Every AI-for-security sales deck has an ROI slide. Every ROI slide claims payback within the first year. Actual customer outcomes vary by an order of magnitude, and the variance correlates with architectural choices more than deal terms. Griffin AI and Mythos-class general-purpose AI-for-security tools have measurably different ROI shapes — not because one vendor is "better" in the abstract, but because the architectural differences produce different time-to-value curves.
What ROI actually means for security tooling
Three components, all of which count:
- Direct cost savings. Fewer engineer hours spent on low-value triage, fewer incidents that reach production, fewer audit-prep project weeks.
- Avoided incidents. Vulnerabilities caught before exploitation. Compliance findings resolved before audit escalation.

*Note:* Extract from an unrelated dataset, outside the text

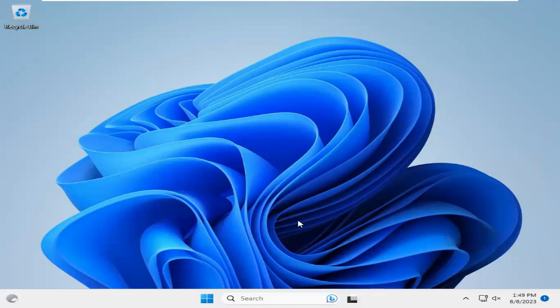Sometimes it becomes very important for you, so don't forget to watch the full video. To find operating system version on Windows 11 computer, click on Start menu.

- Opportunity cost. Engineering hours freed for other work.
A credible ROI number includes all three. Sales-deck ROI usually focuses on category 2 and inflates category 1.
Where Griffin AI's architecture delivers faster ROI
Three structural reasons:
Reachability-filtered findings reduce low-value triage immediately. A team that was reviewing 1,000 findings per quarter can review 150 reachability-filtered findings per quarter — with a higher actionable ratio. The engineer-hour saving shows up in the first triage cycle.
Auto-PR pass rate is high enough to shift workflow. 73-87% of auto-PRs merge unchanged or with minor edits. The team shifts from "write the fix" to "review the fix," which is materially faster per finding.
SBOM-and-compliance evidence generation eliminates audit prep. Customers report audit prep compression from months to weeks once the platform is operational.
These add up to ROI that customers can see in the first quarter. Year-one payback is typical, not aspirational.
Where Mythos-class ROI stretches
Three structural reasons for slower realisation:
Higher false positive rates mean longer triage cycles. Every finding takes longer to evaluate because the model output needs verification. Engineer-hour savings arrive later.
Integration engineering absorbs early-year savings. Building parsers for unstable LLM outputs, setting up SIEM/ticketing integration, handling model drift — these eat the first two quarters.
Auto-remediation quality is lower. When a smaller percentage of auto-PRs merge cleanly, the remediation-hour savings are smaller.
Year-one payback is possible but requires the deployment to go smoothly. Year-two payback is typical.
A concrete customer scenario
A 200-engineer company running Safeguard for four quarters reports:
- Q1: deployment + integration. Net cost.
- Q2: triage-hour savings reach ~30% of prior quarterly effort. Net savings.
- Q3: auto-PR workflow operational. Remediation-hour savings land.
- Q4: audit prep consumed 2 weeks instead of the prior year's 12.
Cumulative four-quarter engineer-hour savings: ~1,200 hours. License cost: recovered in Q3. Net ROI positive by end of year one.
A comparable Mythos-class scenario more commonly shows:
- Q1-Q2: deployment + integration + prompt tuning. Net cost.
- Q3: triage savings begin.
- Q4: auto-remediation workflow being evaluated.
Cumulative four-quarter savings: ~400 hours. License cost: not yet recovered. Net ROI positive in the second year.
Same team, same spend scale, different architecture, different timelines.
What to evaluate
Three concrete asks during procurement:
- Ask for customer-reported hour-savings numbers from existing deployments. Not "increased productivity" — actual hour counts.
- Ask for the percentage of auto-PRs that merge unchanged in existing customer deployments.
- Ask for audit-prep compression numbers from existing customers.
The answers produce a ROI projection that is defensible in your own finance team review.
How Safeguard Helps
Safeguard's architecture produces measurable ROI in the first year: reachability-filtered triage, auto-PR merge rates above 70%, and audit-prep compression from months to weeks. The customer-reported hour-savings numbers support ROI projections that hold up to finance-team scrutiny. For organisations whose previous AI-for-security investments have produced slower payback than projected, the architecture choice is the lever that shifts the curve.